Roll Call reported yesterday, for example, on a provocative vote in the Senate.
Senate Democrats voted down a joint resolution Thursday that sought to block a Biden administration rule that toughens regulations on firearms with stabilizing braces. The 49-50 party-line vote on the Republican-backed measure, which passed the House but faced a veto threat from President Joe Biden, is the latest clash between GOP lawmakers and the administration over efforts to address gun violence and mass shootings.
I realize that no one will look at this vote as the year’s most important legislative clash, but I think there’s a larger significance to this.
To briefly recap, there are devices known as stabilizing braces that shooters can attach to their arms to make it easier to fire weapons with one hand. The devices, which are sometimes referred to as pistol braces, have been subjected to new restrictions by the Biden administration, which as The Hill recently explained, “would reclassify pistols with stabilizing braces as short-barreled rifles.

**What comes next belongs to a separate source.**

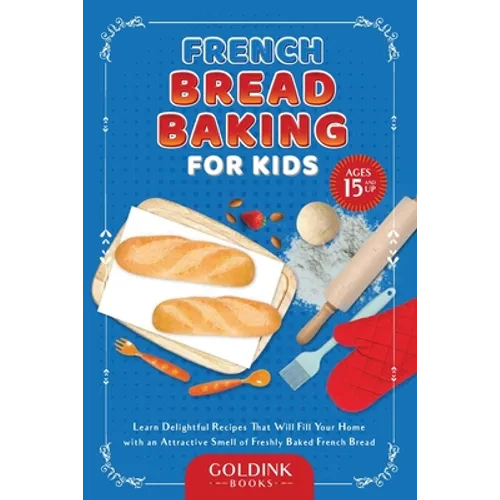 French Bread Baking for Kids: Learn Delightful Recipes That Will Fill Your Home with an Attractive Smell of Freshly Baked French Bread - Paperback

It would also require people with existing pistols that have stabilizing braces to register the firearms.”
The administration’s goal, of course, is to hopefully save lives, since, as Politico noted, stabilizing braces have been “used in several mass shootings over the last decade.” (One of the guns used in the Nashville school shooting, for instance, was reportedly an AR-15 equipped with a stabilizing brace.)
What congressional Republicans tried to do was prevent the safeguard from being implemented. In fact, the GOP-led House passed just such a measure last week, and nearly had the votes to pass the Senate, too, though it fell a little short in the upper chamber.
At face value, this might not seem too surprising: It’s not exactly a secret that congressional Republicans are closely aligned with the gun industry and oppose safeguards intended to prevent gun violence. What I did find especially notable, however, was the scope of the GOP support.
In the House, for example, among Republicans, the vote to block the policy was 217-2. Among Senate Republicans, it was 49-0.
In other words, in the wake of several deadly mass shootings, and just days before the anniversary of President Joe Biden signing the Bipartisan Safer Communities Act, literally more than 99% of congressional Republicans tried to block implementation of a modest policy that might help prevent future mass slayings.
The GOP’s so-called moderates in the Senate — a contingent that includes Maine’s Susan Collins and Alaska’s Lisa Murkowski — went along with their party, despite knowing that Biden would veto the measure if it passed, which it didn’t.
On the floor Thursday, Senate Majority Leader Chuck Schumer said: “Pistol braces make it easier to conceal and transport weapons that function as highly dangerous short-barreled rifles — and in many instances have been accessories of choice in recent mass shootings. Some of these mass shooters choose these braces to cause mayhem and we are loosening the rules on them, it’s hard to believe our Republican friends are doing this.
“How on Earth can Republicans look at our nation’s gun violence and think the right answer is to make these accessories easier to own? How can Republicans look away from tragedies in Dayton, in Boulder, and in Nashville, and in so many other places where pistol braces were involved, and conclude we should reverse commonsense gun safety rules?”
Every single GOP senator responded by voting to block the safeguard anyway.